• INFORMATION PROVIDED:
************
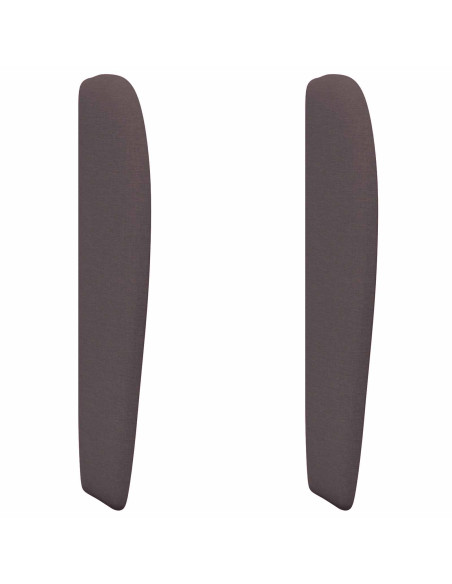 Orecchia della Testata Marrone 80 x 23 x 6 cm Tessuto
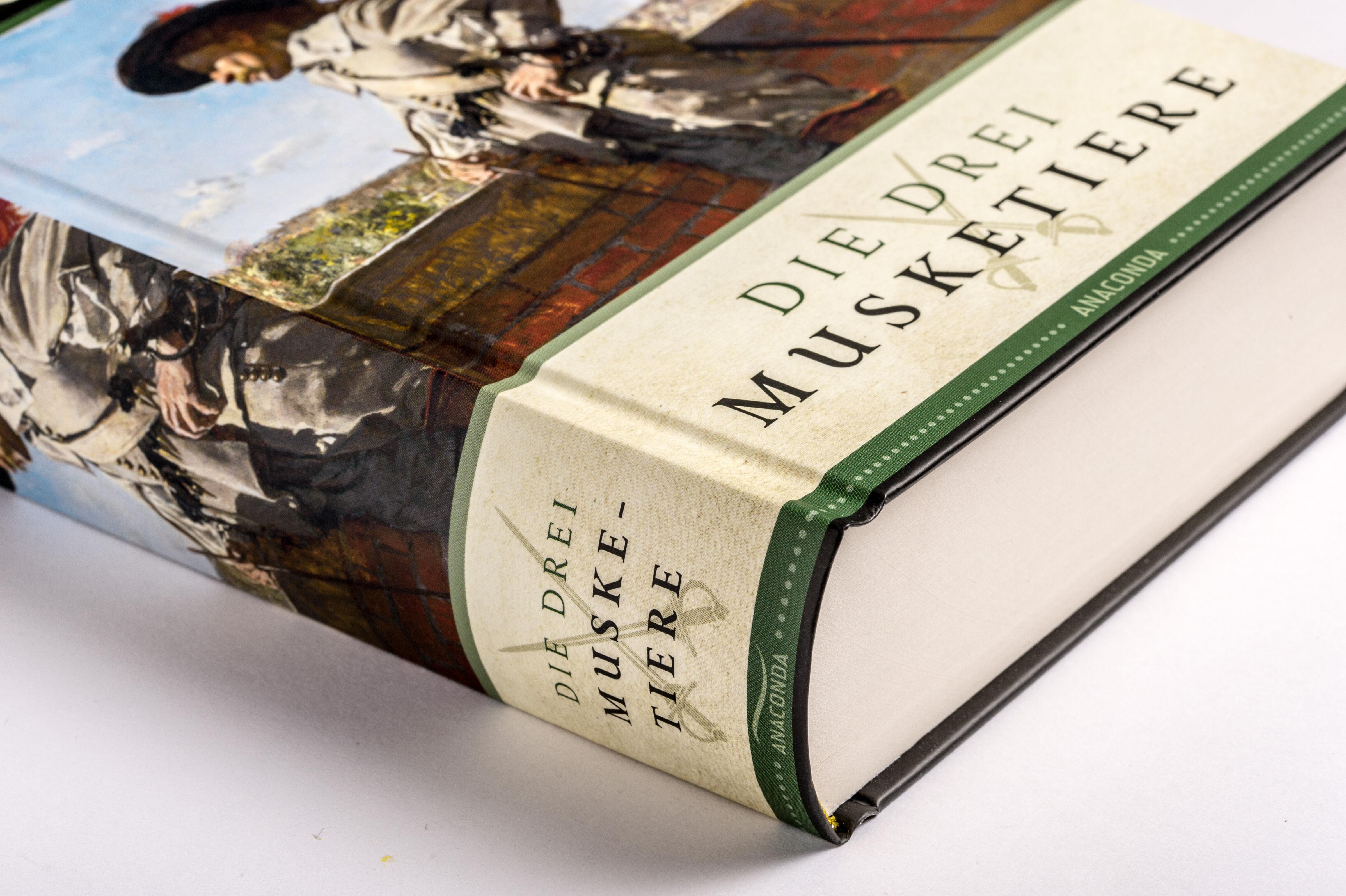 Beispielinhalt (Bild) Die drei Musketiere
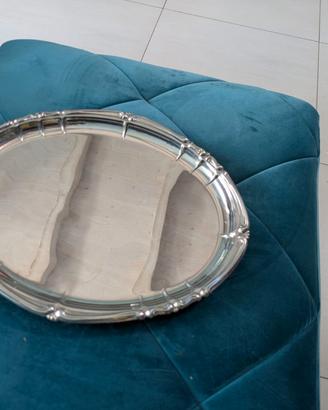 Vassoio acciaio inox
************
Leave out the pictures and give the rest of the material again, unaltered.

 Orecchia della Testata Marrone 80 x 23 x 6 cm Tessuto
 Beispielinhalt (Bild) Die drei Musketiere
 Vassoio acciaio inox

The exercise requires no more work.